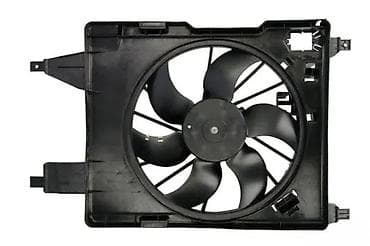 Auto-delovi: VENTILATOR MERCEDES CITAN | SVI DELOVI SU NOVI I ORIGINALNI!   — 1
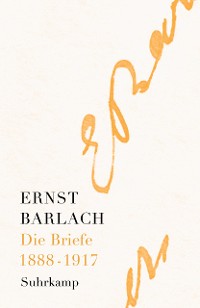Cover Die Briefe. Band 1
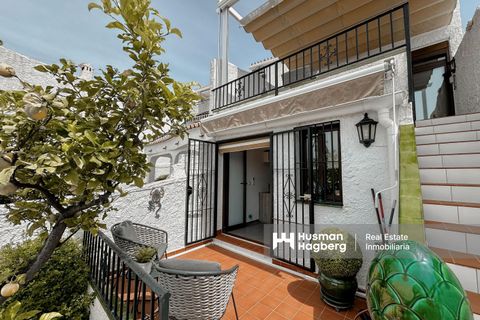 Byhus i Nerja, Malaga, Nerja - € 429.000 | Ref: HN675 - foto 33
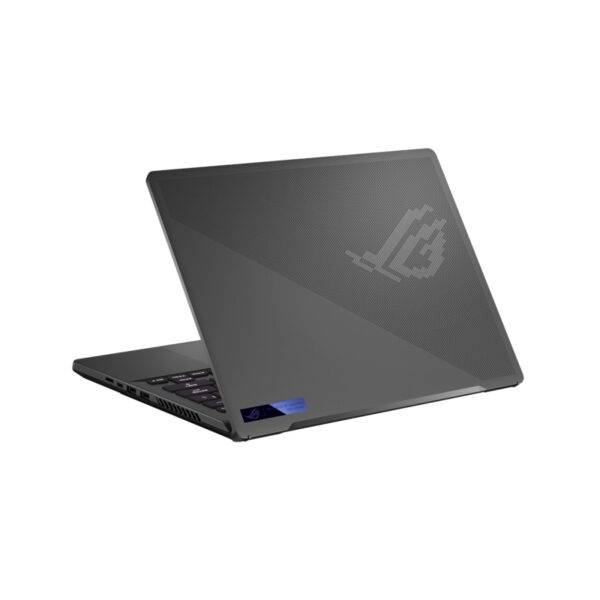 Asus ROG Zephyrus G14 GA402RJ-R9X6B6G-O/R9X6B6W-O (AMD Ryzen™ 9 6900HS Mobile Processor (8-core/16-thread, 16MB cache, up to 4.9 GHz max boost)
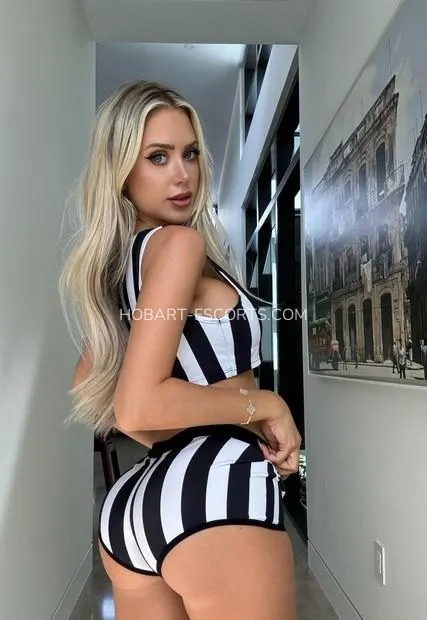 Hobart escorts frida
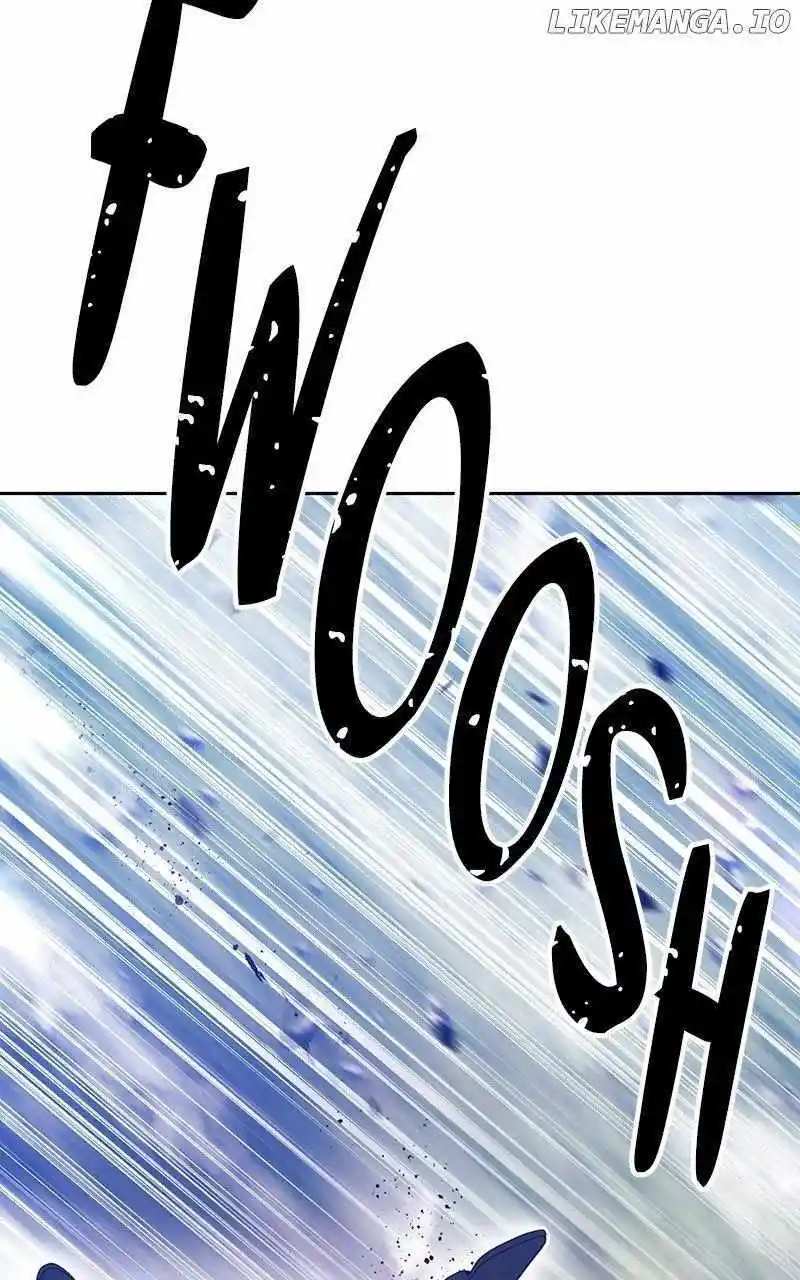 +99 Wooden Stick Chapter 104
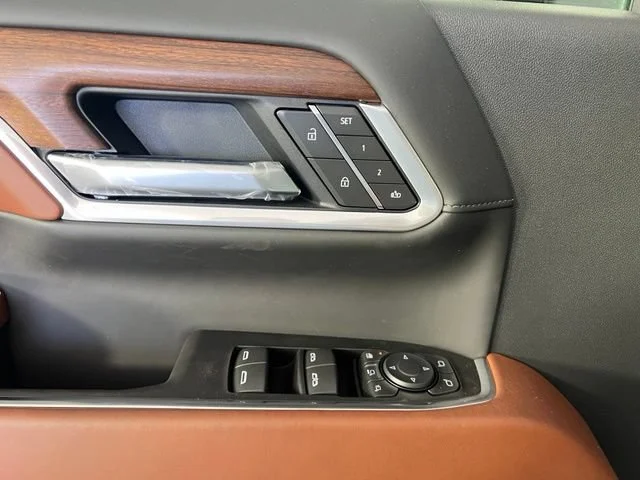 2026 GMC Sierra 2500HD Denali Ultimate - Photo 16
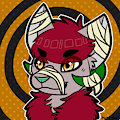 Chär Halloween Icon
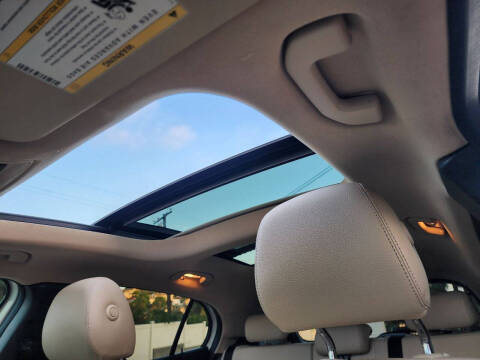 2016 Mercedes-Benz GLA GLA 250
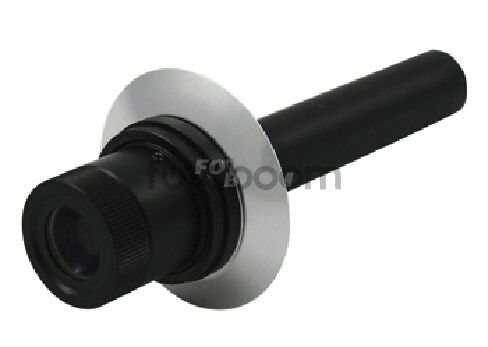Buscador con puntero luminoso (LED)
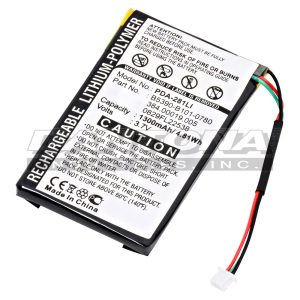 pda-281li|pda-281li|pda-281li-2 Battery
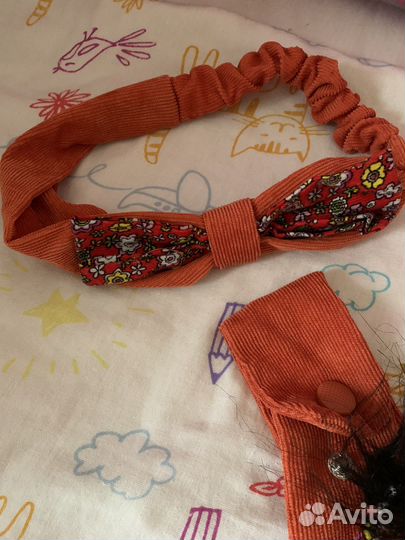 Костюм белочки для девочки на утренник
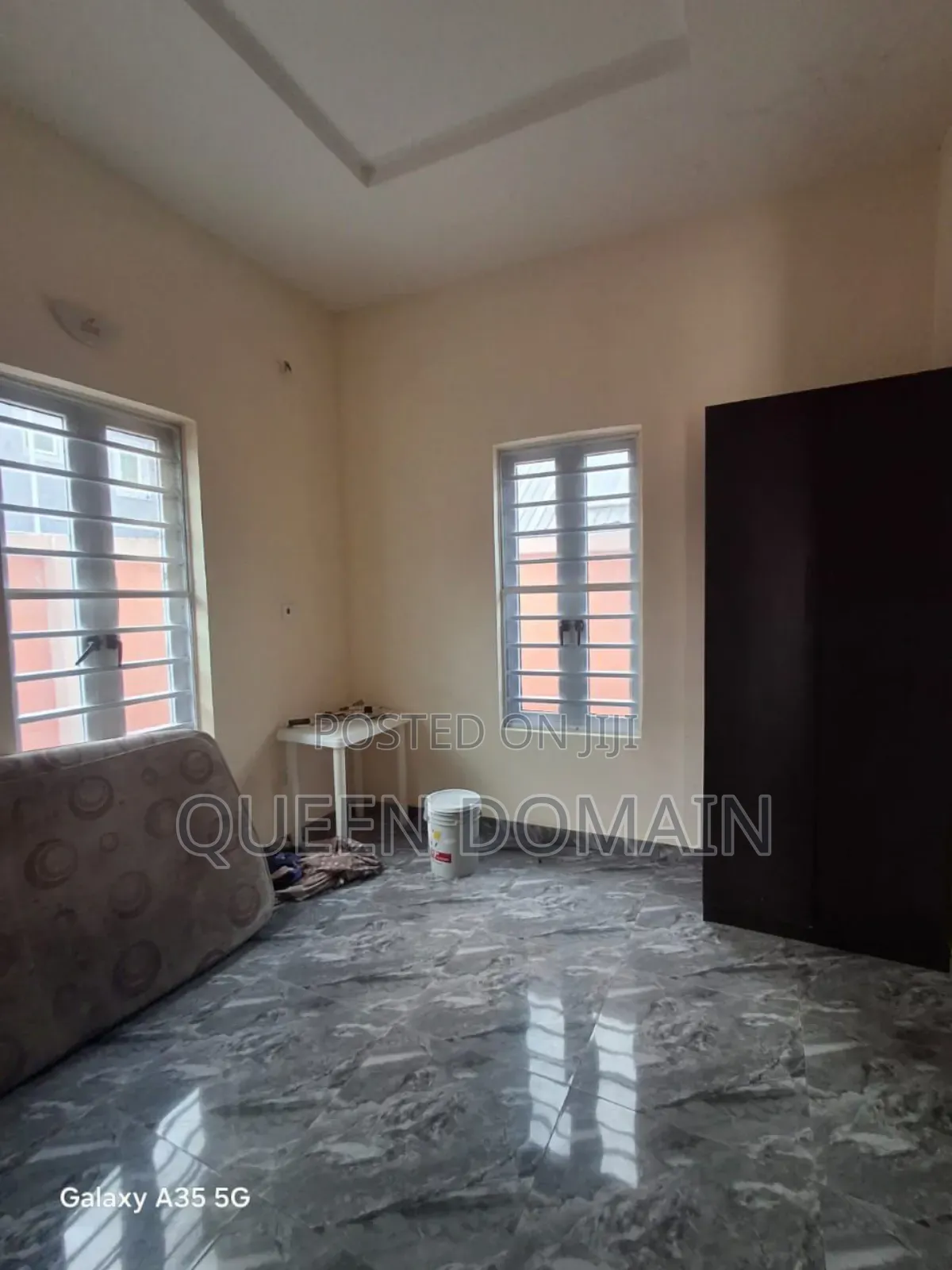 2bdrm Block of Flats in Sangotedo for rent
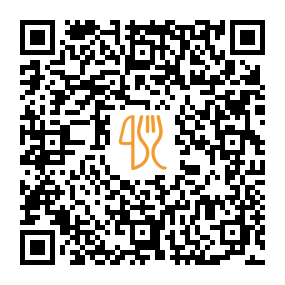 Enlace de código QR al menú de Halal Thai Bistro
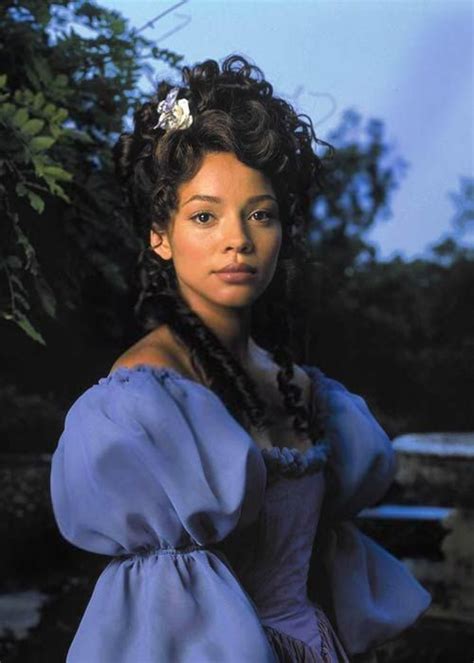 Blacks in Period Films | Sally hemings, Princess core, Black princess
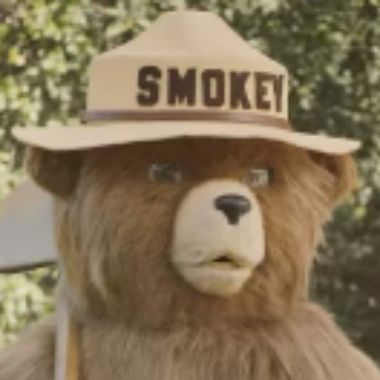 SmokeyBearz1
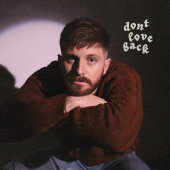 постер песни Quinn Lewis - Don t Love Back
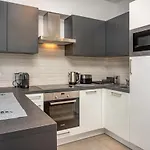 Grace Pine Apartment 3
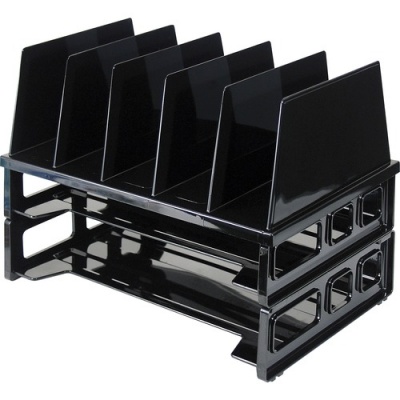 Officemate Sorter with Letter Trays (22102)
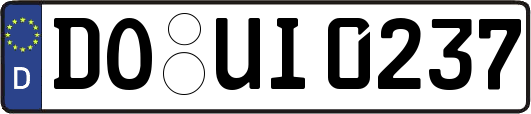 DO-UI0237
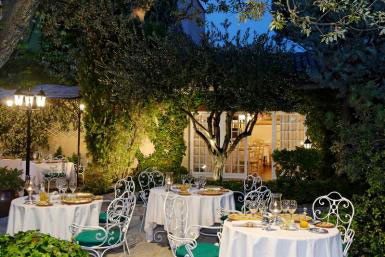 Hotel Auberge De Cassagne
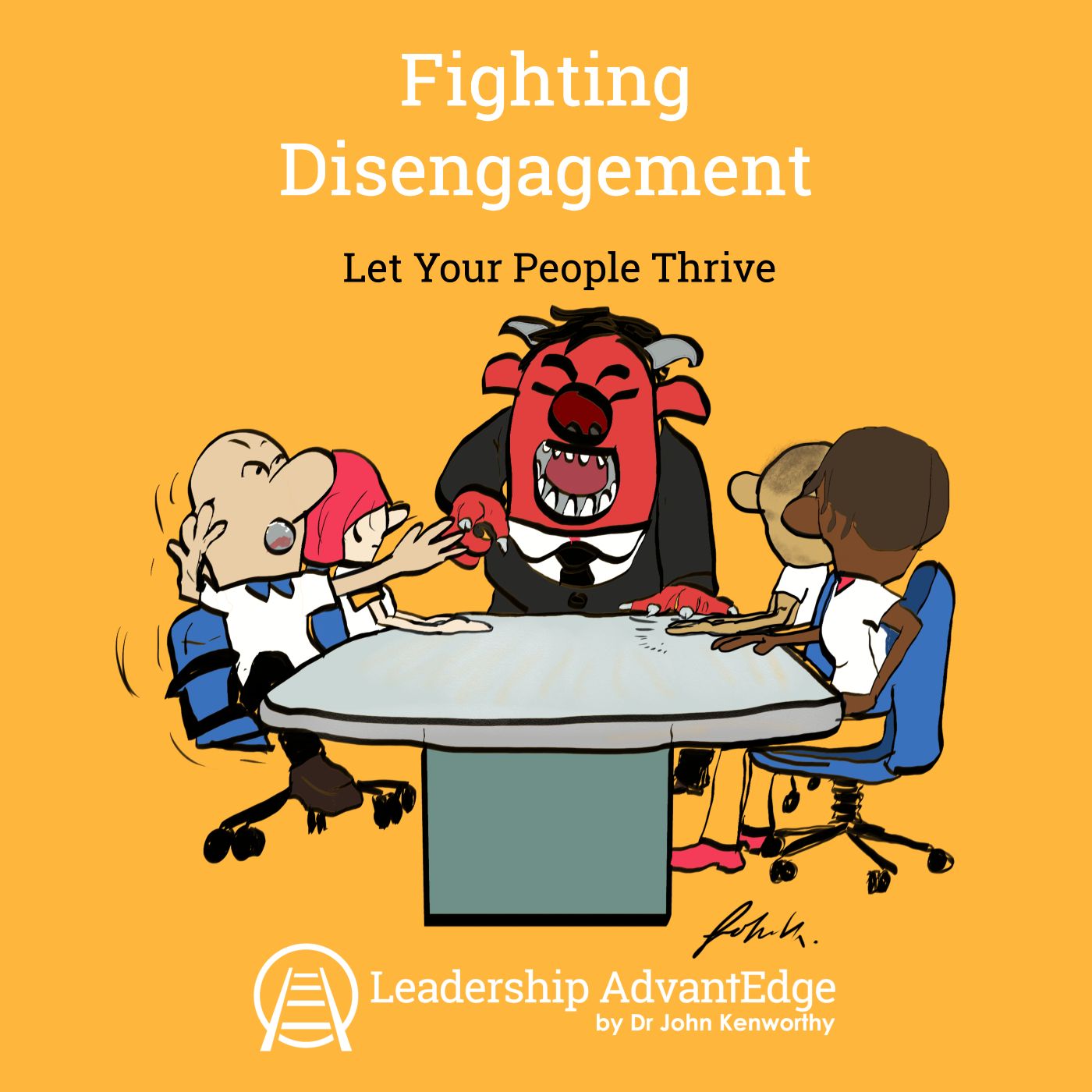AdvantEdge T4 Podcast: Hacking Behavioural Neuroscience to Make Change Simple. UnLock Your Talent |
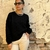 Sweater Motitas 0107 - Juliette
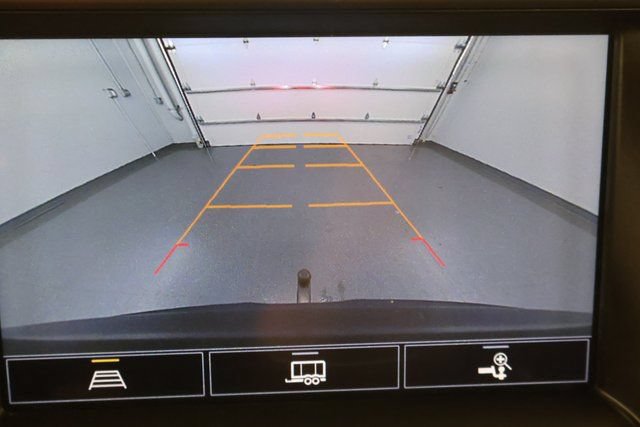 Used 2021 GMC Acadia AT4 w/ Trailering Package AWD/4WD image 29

::::::::

**The task**: Repeat all the material above exactly, apart from the pictures.

**Solution**:
 Auto-delovi: VENTILATOR MERCEDES CITAN | SVI DELOVI SU NOVI I ORIGINALNI!   — 1
Cover Die Briefe. Band 1
 Byhus i Nerja, Malaga, Nerja - € 429.000 | Ref: HN675 - foto 33
 Asus ROG Zephyrus G14 GA402RJ-R9X6B6G-O/R9X6B6W-O (AMD Ryzen™ 9 6900HS Mobile Processor (8-core/16-thread, 16MB cache, up to 4.9 GHz max boost)
 Hobart escorts frida
 +99 Wooden Stick Chapter 104
 2026 GMC Sierra 2500HD Denali Ultimate - Photo 16
 Chär Halloween Icon
 2016 Mercedes-Benz GLA GLA 250
Buscador con puntero luminoso (LED)
 pda-281li|pda-281li|pda-281li-2 Battery
 Костюм белочки для девочки на утренник
 2bdrm Block of Flats in Sangotedo for rent
 Enlace de código QR al menú de Halal Thai Bistro
 Blacks in Period Films | Sally hemings, Princess core, Black princess
 SmokeyBearz1
 постер песни Quinn Lewis - Don t Love Back
 Grace Pine Apartment 3
 Officemate Sorter with Letter Trays (22102)
 DO-UI0237
 Hotel Auberge De Cassagne
AdvantEdge T4 Podcast: Hacking Behavioural Neuroscience to Make Change Simple. UnLock Your Talent |
 Sweater Motitas 0107 - Juliette
 Used 2021 GMC Acadia AT4 w/ Trailering Package AWD/4WD image 29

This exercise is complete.